(Caption-style text data)
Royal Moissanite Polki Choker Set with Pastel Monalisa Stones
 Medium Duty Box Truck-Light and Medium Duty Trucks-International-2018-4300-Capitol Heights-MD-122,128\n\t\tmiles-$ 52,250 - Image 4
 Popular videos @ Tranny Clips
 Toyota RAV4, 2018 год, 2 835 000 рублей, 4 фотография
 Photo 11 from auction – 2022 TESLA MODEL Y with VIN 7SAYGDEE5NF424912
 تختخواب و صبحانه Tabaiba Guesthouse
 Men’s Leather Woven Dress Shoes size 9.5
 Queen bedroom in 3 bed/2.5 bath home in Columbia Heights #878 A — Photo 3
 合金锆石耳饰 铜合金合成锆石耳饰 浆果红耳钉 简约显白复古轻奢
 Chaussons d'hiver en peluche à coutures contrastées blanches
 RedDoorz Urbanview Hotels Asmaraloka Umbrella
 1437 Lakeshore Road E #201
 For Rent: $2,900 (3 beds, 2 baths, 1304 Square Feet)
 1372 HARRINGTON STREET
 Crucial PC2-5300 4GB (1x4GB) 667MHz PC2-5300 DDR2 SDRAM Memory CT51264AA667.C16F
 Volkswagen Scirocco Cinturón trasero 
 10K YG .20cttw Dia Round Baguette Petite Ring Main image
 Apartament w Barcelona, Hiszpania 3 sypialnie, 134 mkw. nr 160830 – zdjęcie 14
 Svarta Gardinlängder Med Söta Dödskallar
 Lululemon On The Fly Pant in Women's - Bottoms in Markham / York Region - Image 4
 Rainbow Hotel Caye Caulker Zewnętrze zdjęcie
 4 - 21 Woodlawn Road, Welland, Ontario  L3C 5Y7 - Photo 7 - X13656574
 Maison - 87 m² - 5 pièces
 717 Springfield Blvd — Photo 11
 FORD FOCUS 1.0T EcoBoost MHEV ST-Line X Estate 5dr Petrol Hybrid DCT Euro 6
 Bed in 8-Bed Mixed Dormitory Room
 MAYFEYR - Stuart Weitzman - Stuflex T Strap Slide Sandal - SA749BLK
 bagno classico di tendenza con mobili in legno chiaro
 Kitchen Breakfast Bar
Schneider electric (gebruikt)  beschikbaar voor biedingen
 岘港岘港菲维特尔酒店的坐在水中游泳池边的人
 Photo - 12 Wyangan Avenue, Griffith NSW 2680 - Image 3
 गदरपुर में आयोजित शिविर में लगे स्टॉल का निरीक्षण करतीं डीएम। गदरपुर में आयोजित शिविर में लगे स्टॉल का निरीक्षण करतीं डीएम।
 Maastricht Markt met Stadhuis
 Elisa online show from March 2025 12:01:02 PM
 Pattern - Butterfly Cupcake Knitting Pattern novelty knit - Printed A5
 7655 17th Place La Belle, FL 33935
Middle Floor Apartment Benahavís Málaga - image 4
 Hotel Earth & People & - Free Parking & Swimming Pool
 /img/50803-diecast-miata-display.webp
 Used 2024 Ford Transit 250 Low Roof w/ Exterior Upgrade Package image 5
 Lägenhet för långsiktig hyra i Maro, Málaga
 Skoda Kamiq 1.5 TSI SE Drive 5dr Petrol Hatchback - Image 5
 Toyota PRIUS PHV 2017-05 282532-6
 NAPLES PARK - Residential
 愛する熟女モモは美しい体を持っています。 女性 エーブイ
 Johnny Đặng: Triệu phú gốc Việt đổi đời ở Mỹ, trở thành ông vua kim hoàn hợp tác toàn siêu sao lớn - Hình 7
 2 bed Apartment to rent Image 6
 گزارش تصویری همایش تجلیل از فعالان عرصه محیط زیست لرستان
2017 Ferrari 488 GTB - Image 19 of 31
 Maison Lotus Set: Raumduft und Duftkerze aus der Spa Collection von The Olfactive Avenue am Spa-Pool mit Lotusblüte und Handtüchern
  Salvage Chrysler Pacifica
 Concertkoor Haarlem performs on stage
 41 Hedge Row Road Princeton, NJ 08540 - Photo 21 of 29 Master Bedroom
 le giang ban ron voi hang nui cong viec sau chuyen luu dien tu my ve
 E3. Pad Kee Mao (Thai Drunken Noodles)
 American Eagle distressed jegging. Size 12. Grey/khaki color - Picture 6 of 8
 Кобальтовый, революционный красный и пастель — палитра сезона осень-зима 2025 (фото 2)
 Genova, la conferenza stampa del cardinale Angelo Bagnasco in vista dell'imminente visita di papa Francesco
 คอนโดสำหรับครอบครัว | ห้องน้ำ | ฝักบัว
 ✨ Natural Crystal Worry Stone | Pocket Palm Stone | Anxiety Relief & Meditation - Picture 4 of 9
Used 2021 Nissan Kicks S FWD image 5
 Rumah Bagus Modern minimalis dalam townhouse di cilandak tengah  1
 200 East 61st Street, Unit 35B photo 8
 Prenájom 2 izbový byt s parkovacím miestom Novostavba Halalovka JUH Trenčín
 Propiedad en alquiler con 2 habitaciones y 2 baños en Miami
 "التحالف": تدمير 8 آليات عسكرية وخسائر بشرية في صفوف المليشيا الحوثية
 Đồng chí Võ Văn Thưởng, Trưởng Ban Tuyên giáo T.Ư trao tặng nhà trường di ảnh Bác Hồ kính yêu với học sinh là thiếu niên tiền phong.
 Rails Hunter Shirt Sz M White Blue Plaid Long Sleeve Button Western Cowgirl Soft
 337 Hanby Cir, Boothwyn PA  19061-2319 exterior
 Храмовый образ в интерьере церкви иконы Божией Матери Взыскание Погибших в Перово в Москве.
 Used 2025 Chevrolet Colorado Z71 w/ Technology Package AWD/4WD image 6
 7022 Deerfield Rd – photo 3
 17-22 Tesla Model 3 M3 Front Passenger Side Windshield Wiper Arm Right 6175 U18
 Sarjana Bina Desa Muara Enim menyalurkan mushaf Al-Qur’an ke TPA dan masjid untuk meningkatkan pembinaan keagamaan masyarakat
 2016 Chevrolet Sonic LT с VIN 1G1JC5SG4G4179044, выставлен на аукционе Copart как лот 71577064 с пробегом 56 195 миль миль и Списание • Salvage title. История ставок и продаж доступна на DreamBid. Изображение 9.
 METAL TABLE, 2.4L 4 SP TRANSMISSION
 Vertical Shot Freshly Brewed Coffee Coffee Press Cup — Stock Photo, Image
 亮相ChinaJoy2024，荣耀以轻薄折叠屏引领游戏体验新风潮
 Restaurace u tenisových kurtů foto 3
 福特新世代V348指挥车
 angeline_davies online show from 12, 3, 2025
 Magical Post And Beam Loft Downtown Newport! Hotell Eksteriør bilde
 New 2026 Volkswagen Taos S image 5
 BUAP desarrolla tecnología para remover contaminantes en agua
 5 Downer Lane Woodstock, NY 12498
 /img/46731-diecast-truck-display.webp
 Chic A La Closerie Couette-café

Directions >> Please transcribe all of the entries precisely.

Exercise result >>
Royal Moissanite Polki Choker Set with Pastel Monalisa Stones
 Medium Duty Box Truck-Light and Medium Duty Trucks-International-2018-4300-Capitol Heights-MD-122,128\n\t\tmiles-$ 52,250 - Image 4
 Popular videos @ Tranny Clips
 Toyota RAV4, 2018 год, 2 835 000 рублей, 4 фотография
 Photo 11 from auction – 2022 TESLA MODEL Y with VIN 7SAYGDEE5NF424912
 تختخواب و صبحانه Tabaiba Guesthouse
 Men’s Leather Woven Dress Shoes size 9.5
 Queen bedroom in 3 bed/2.5 bath home in Columbia Heights #878 A — Photo 3
 合金锆石耳饰 铜合金合成锆石耳饰 浆果红耳钉 简约显白复古轻奢
 Chaussons d'hiver en peluche à coutures contrastées blanches
 RedDoorz Urbanview Hotels Asmaraloka Umbrella
 1437 Lakeshore Road E #201
 For Rent: $2,900 (3 beds, 2 baths, 1304 Square Feet)
 1372 HARRINGTON STREET
 Crucial PC2-5300 4GB (1x4GB) 667MHz PC2-5300 DDR2 SDRAM Memory CT51264AA667.C16F
 Volkswagen Scirocco Cinturón trasero 
 10K YG .20cttw Dia Round Baguette Petite Ring Main image
 Apartament w Barcelona, Hiszpania 3 sypialnie, 134 mkw. nr 160830 – zdjęcie 14
 Svarta Gardinlängder Med Söta Dödskallar
 Lululemon On The Fly Pant in Women's - Bottoms in Markham / York Region - Image 4
 Rainbow Hotel Caye Caulker Zewnętrze zdjęcie
 4 - 21 Woodlawn Road, Welland, Ontario  L3C 5Y7 - Photo 7 - X13656574
 Maison - 87 m² - 5 pièces
 717 Springfield Blvd — Photo 11
 FORD FOCUS 1.0T EcoBoost MHEV ST-Line X Estate 5dr Petrol Hybrid DCT Euro 6
 Bed in 8-Bed Mixed Dormitory Room
 MAYFEYR - Stuart Weitzman - Stuflex T Strap Slide Sandal - SA749BLK
 bagno classico di tendenza con mobili in legno chiaro
 Kitchen Breakfast Bar
Schneider electric (gebruikt)  beschikbaar voor biedingen
 岘港岘港菲维特尔酒店的坐在水中游泳池边的人
 Photo - 12 Wyangan Avenue, Griffith NSW 2680 - Image 3
 गदरपुर में आयोजित शिविर में लगे स्टॉल का निरीक्षण करतीं डीएम। गदरपुर में आयोजित शिविर में लगे स्टॉल का निरीक्षण करतीं डीएम।
 Maastricht Markt met Stadhuis
 Elisa online show from March 2025 12:01:02 PM
 Pattern - Butterfly Cupcake Knitting Pattern novelty knit - Printed A5
 7655 17th Place La Belle, FL 33935
Middle Floor Apartment Benahavís Málaga - image 4
 Hotel Earth & People & - Free Parking & Swimming Pool
 /img/50803-diecast-miata-display.webp
 Used 2024 Ford Transit 250 Low Roof w/ Exterior Upgrade Package image 5
 Lägenhet för långsiktig hyra i Maro, Málaga
 Skoda Kamiq 1.5 TSI SE Drive 5dr Petrol Hatchback - Image 5
 Toyota PRIUS PHV 2017-05 282532-6
 NAPLES PARK - Residential
 愛する熟女モモは美しい体を持っています。 女性 エーブイ
 Johnny Đặng: Triệu phú gốc Việt đổi đời ở Mỹ, trở thành ông vua kim hoàn hợp tác toàn siêu sao lớn - Hình 7
 2 bed Apartment to rent Image 6
 گزارش تصویری همایش تجلیل از فعالان عرصه محیط زیست لرستان
2017 Ferrari 488 GTB - Image 19 of 31
 Maison Lotus Set: Raumduft und Duftkerze aus der Spa Collection von The Olfactive Avenue am Spa-Pool mit Lotusblüte und Handtüchern
  Salvage Chrysler Pacifica
 Concertkoor Haarlem performs on stage
 41 Hedge Row Road Princeton, NJ 08540 - Photo 21 of 29 Master Bedroom
 le giang ban ron voi hang nui cong viec sau chuyen luu dien tu my ve
 E3. Pad Kee Mao (Thai Drunken Noodles)
 American Eagle distressed jegging. Size 12. Grey/khaki color - Picture 6 of 8
 Кобальтовый, революционный красный и пастель — палитра сезона осень-зима 2025 (фото 2)
 Genova, la conferenza stampa del cardinale Angelo Bagnasco in vista dell'imminente visita di papa Francesco
 คอนโดสำหรับครอบครัว | ห้องน้ำ | ฝักบัว
 ✨ Natural Crystal Worry Stone | Pocket Palm Stone | Anxiety Relief & Meditation - Picture 4 of 9
Used 2021 Nissan Kicks S FWD image 5
 Rumah Bagus Modern minimalis dalam townhouse di cilandak tengah  1
 200 East 61st Street, Unit 35B photo 8
 Prenájom 2 izbový byt s parkovacím miestom Novostavba Halalovka JUH Trenčín
 Propiedad en alquiler con 2 habitaciones y 2 baños en Miami
 "التحالف": تدمير 8 آليات عسكرية وخسائر بشرية في صفوف المليشيا الحوثية
 Đồng chí Võ Văn Thưởng, Trưởng Ban Tuyên giáo T.Ư trao tặng nhà trường di ảnh Bác Hồ kính yêu với học sinh là thiếu niên tiền phong.
 Rails Hunter Shirt Sz M White Blue Plaid Long Sleeve Button Western Cowgirl Soft
 337 Hanby Cir, Boothwyn PA  19061-2319 exterior
 Храмовый образ в интерьере церкви иконы Божией Матери Взыскание Погибших в Перово в Москве.
 Used 2025 Chevrolet Colorado Z71 w/ Technology Package AWD/4WD image 6
 7022 Deerfield Rd – photo 3
 17-22 Tesla Model 3 M3 Front Passenger Side Windshield Wiper Arm Right 6175 U18
 Sarjana Bina Desa Muara Enim menyalurkan mushaf Al-Qur’an ke TPA dan masjid untuk meningkatkan pembinaan keagamaan masyarakat
 2016 Chevrolet Sonic LT с VIN 1G1JC5SG4G4179044, выставлен на аукционе Copart как лот 71577064 с пробегом 56 195 миль миль и Списание • Salvage title. История ставок и продаж доступна на DreamBid. Изображение 9.
 METAL TABLE, 2.4L 4 SP TRANSMISSION
 Vertical Shot Freshly Brewed Coffee Coffee Press Cup — Stock Photo, Image
 亮相ChinaJoy2024，荣耀以轻薄折叠屏引领游戏体验新风潮
 Restaurace u tenisových kurtů foto 3
 福特新世代V348指挥车
 angeline_davies online show from 12, 3, 2025
 Magical Post And Beam Loft Downtown Newport! Hotell Eksteriør bilde
 New 2026 Volkswagen Taos S image 5
 BUAP desarrolla tecnología para remover contaminantes en agua
 5 Downer Lane Woodstock, NY 12498
 /img/46731-diecast-truck-display.webp
 Chic A La Closerie Couette-café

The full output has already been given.